» TASK STATEMENT:
For the copy, please give all of the data again exactly and leave the pictures out.

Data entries

***

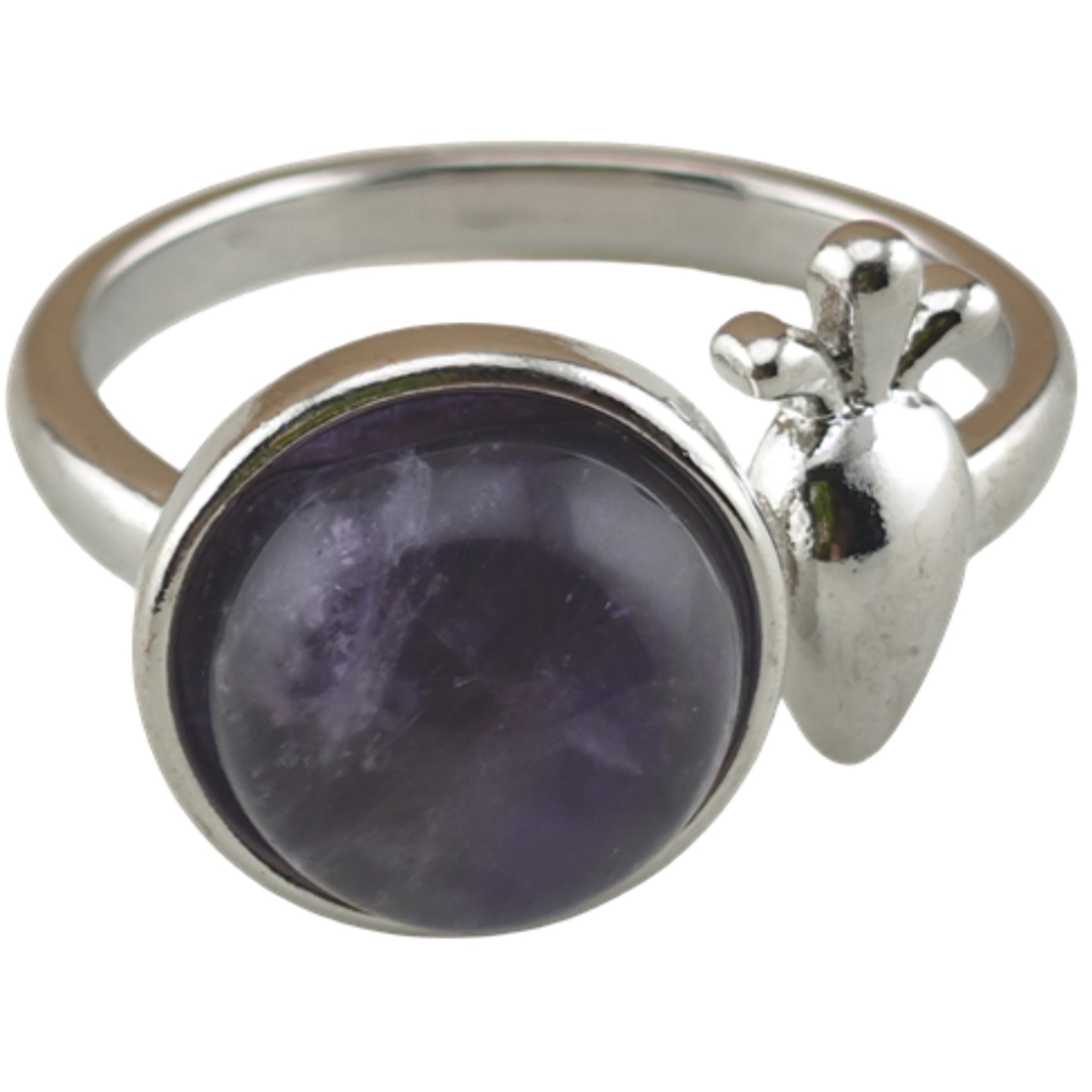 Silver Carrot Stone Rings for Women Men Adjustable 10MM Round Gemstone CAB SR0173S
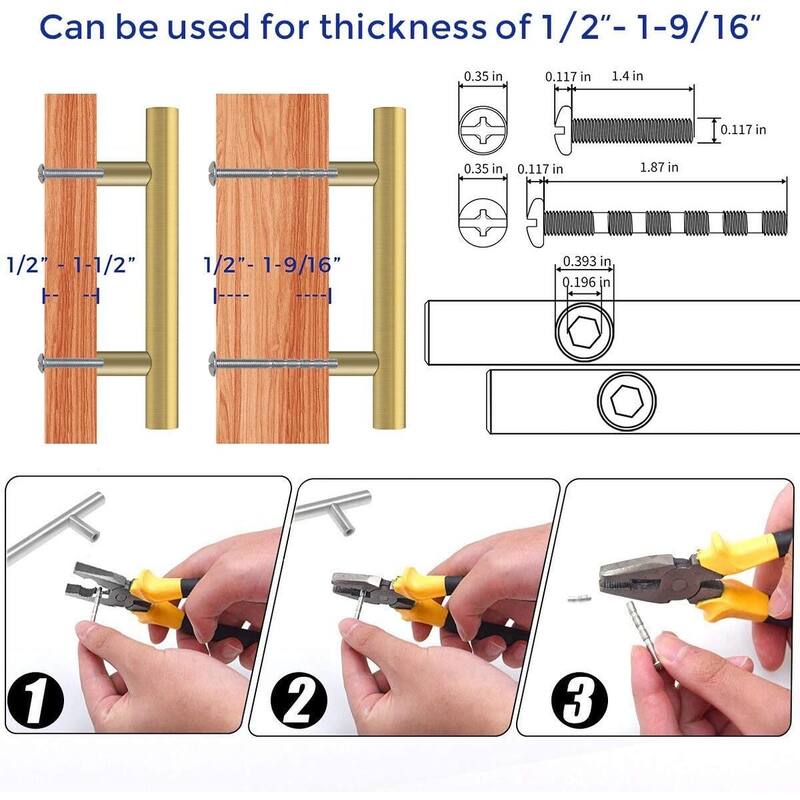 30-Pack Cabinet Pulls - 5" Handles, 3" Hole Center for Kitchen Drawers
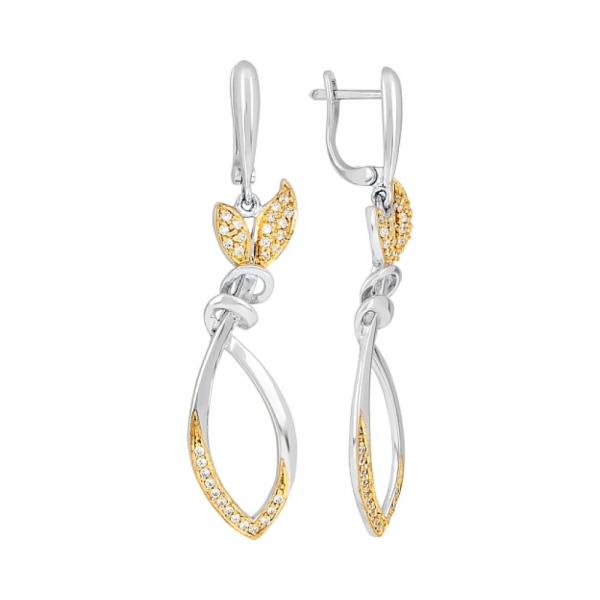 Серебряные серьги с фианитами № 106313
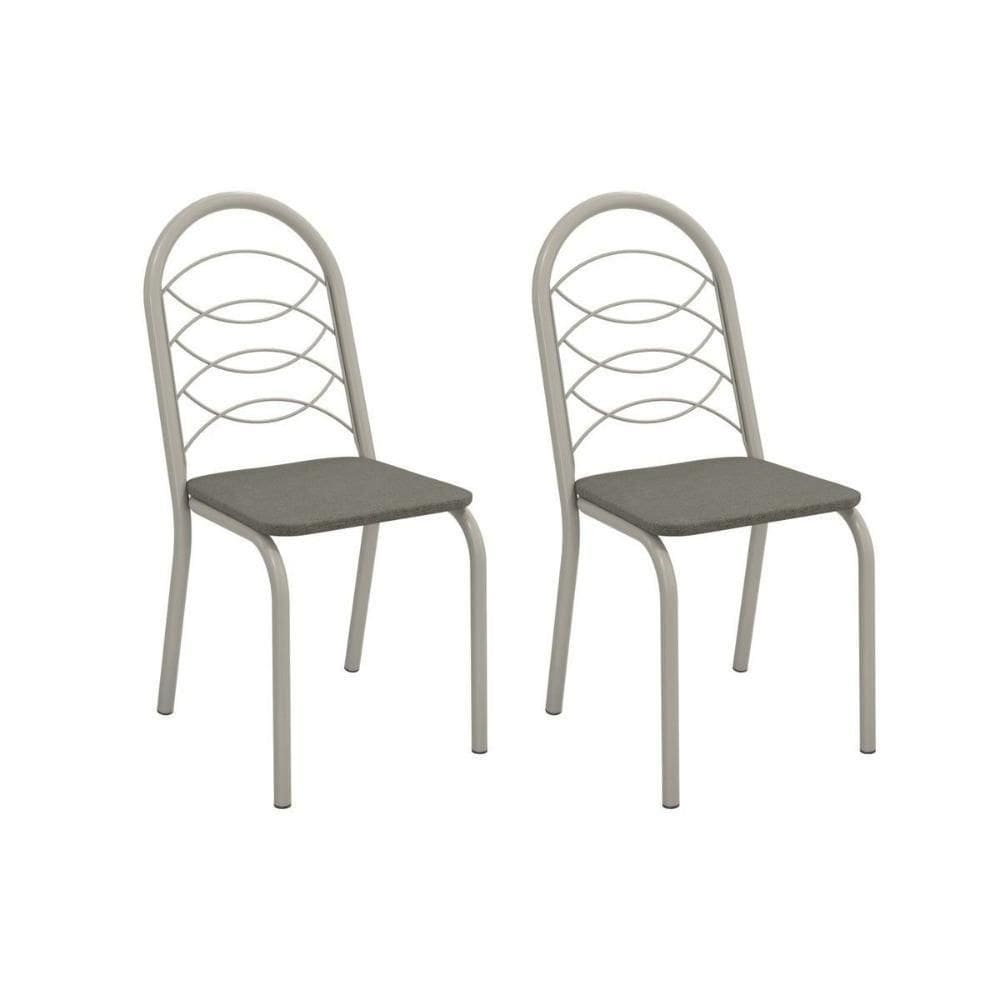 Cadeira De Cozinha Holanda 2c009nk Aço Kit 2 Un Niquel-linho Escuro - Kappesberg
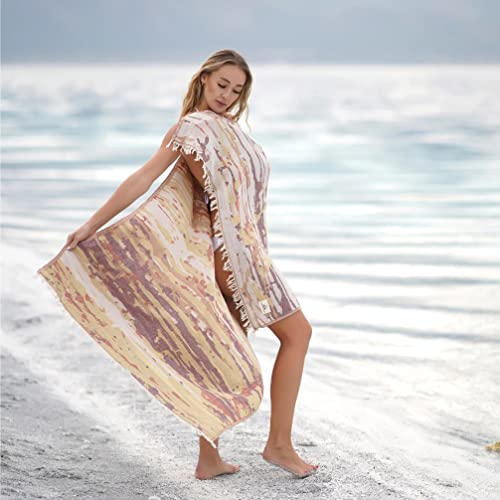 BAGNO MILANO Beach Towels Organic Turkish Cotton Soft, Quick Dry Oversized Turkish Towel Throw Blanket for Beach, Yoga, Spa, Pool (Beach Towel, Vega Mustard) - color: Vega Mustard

***

» FINISHED TASK:
 Silver Carrot Stone Rings for Women Men Adjustable 10MM Round Gemstone CAB SR0173S
 30-Pack Cabinet Pulls - 5" Handles, 3" Hole Center for Kitchen Drawers
 Серебряные серьги с фианитами № 106313
 Cadeira De Cozinha Holanda 2c009nk Aço Kit 2 Un Niquel-linho Escuro - Kappesberg
 BAGNO MILANO Beach Towels Organic Turkish Cotton Soft, Quick Dry Oversized Turkish Towel Throw Blanket for Beach, Yoga, Spa, Pool (Beach Towel, Vega Mustard) - color: Vega Mustard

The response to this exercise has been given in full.